■ Assignment:
Where the line containing "για τη Γεροβασίλη" appears, start repeating, and continue exactly through the last line below, adding nothing. Include no pictures.

■ Given material:

============================================================

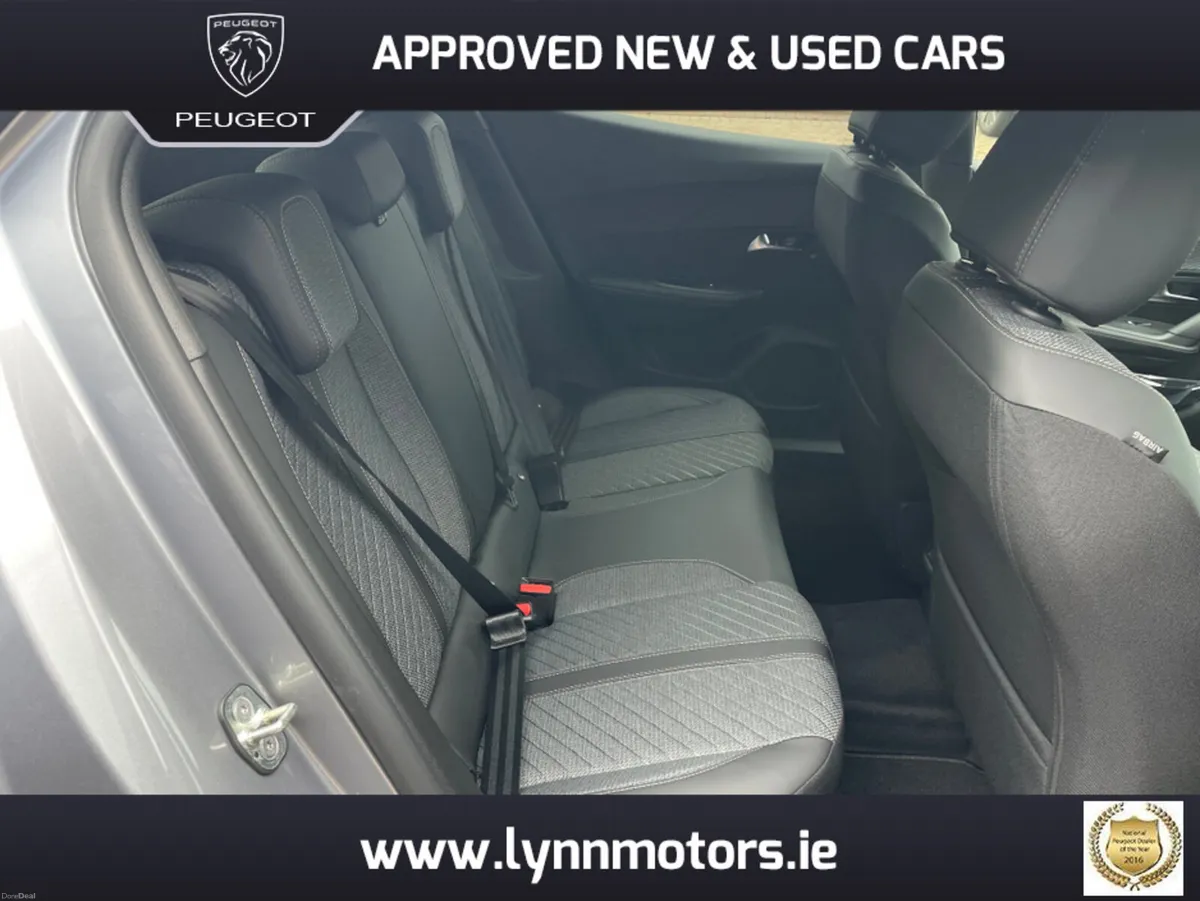Peugeot 2008 ALLURE 1.2 MILD-HYBRID 13 - Image 6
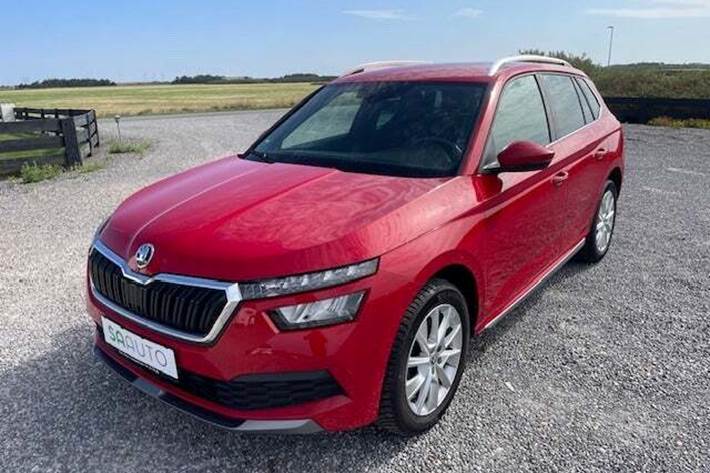 Blå Skoda Kamiq fra 2020 set udefra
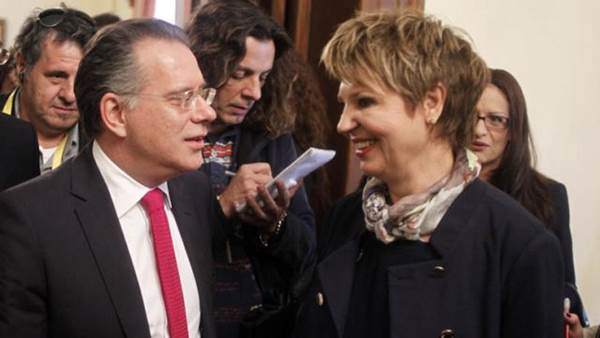 Οι “κακές παρέες” του Κουμουτσάκου αβάντα για τη Γεροβασίλη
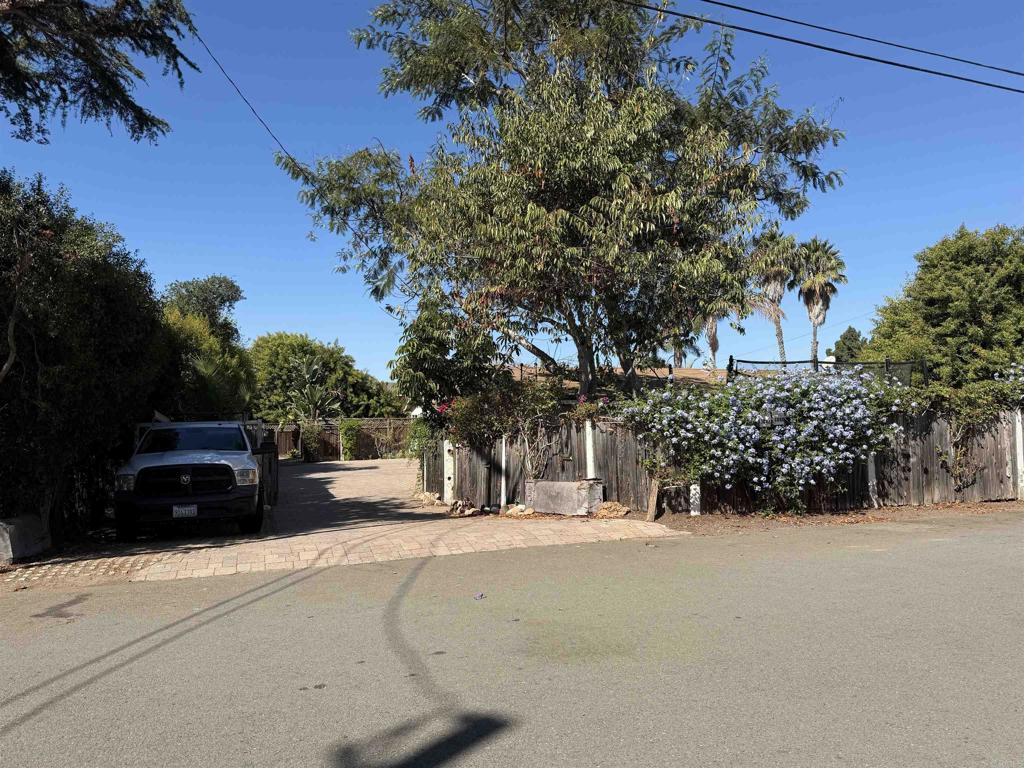 1040 1042 Golden Road — photo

============================================================

■ Result of this task:
 Οι “κακές παρέες” του Κουμουτσάκου αβάντα για τη Γεροβασίλη
 1040 1042 Golden Road — photo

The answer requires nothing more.